Ha sobretudo na America um profundo desleixo nas sciencias historicas. Inferioridade! As sciencias historicas são a base fecunda das sciencias sociaes.

É a superioridade da Europa: sob a mesma apparencia de febre industrial ha uma geração forte, grave, ideal, que está construindo a nova humanidade sobre o direito, a rasão e a justiça.

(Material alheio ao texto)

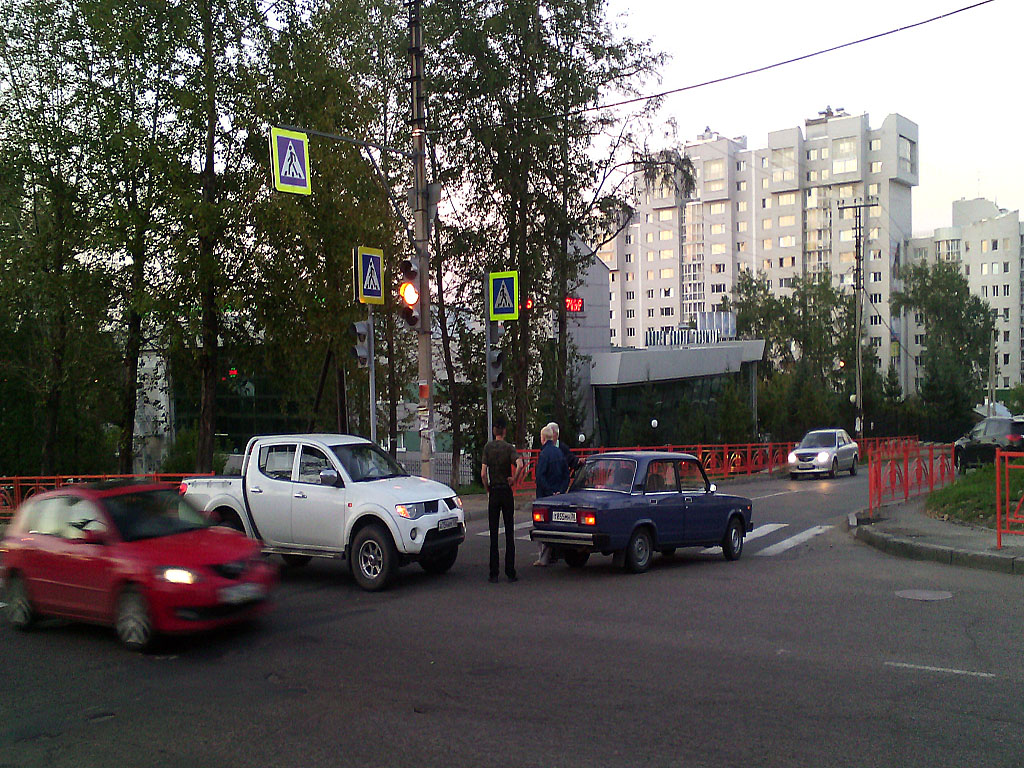 Светофор, Фото с места события собственное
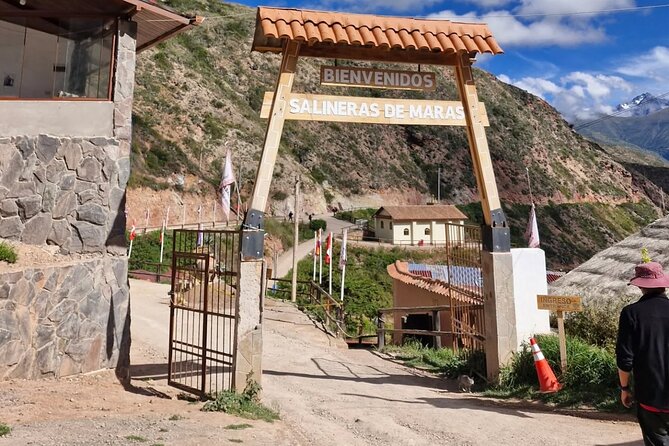 Cusco: Tour al Valle Sagrado + Maras y Moray + Almuerzo Buffet - Stop 4: Urubamba buffet lunch, real fuel mid-day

O nosso mundo europeu tambem é uma extranha amontoação de contrastes e de destinos; é uma epocha, esta, anormal, em que se encontram todas as efflorescencias fecundas e todas as velhas podridões: politicas superficiaes e grandes fanatismos de ideias; um desafogo das livres consciencias e a tyrannia dos velhos ritos: diplomacias pacificas e transigentes, e um espirito de guerra surdo, acceso e flammejante: territorios violentados e conquistados, e a aniquilação pela historia e pela philosophia dos conquistadores e dos heroes: restos de influencias monarchicas, entre explosões de individualismo revolucionario; humanitarismo fundido com o mais aspero egoismo; um chaos horrivel de contradicçoes, e em cima, triumphal e soberba, a industria, entre as musicas dos metaes, as architecturas das Bolsas, reluzente, scintillante, colorida, sonora, em quanto no vento passa o seu sonho eterno—que são fortunas, imperios, festas, empresas collossaes.

Ora em baixo, sob a confusão, sereno, fecundo, forte, bom, livre, move-se em germen um novo mundo, o mundo da justiça social e economica.

Este germen é que a America não tem, creio eu.

Porque toda a America economica se explica por esta formula: feudalismo industrial.

Diz-se que na America ha um constante augmento de trafico, de receitas, de riquezas: ha augmento; mas não ha justa distribuição. A riqueza amontoa-se em proveito da alta finança—com detrimento das pequenas industrias.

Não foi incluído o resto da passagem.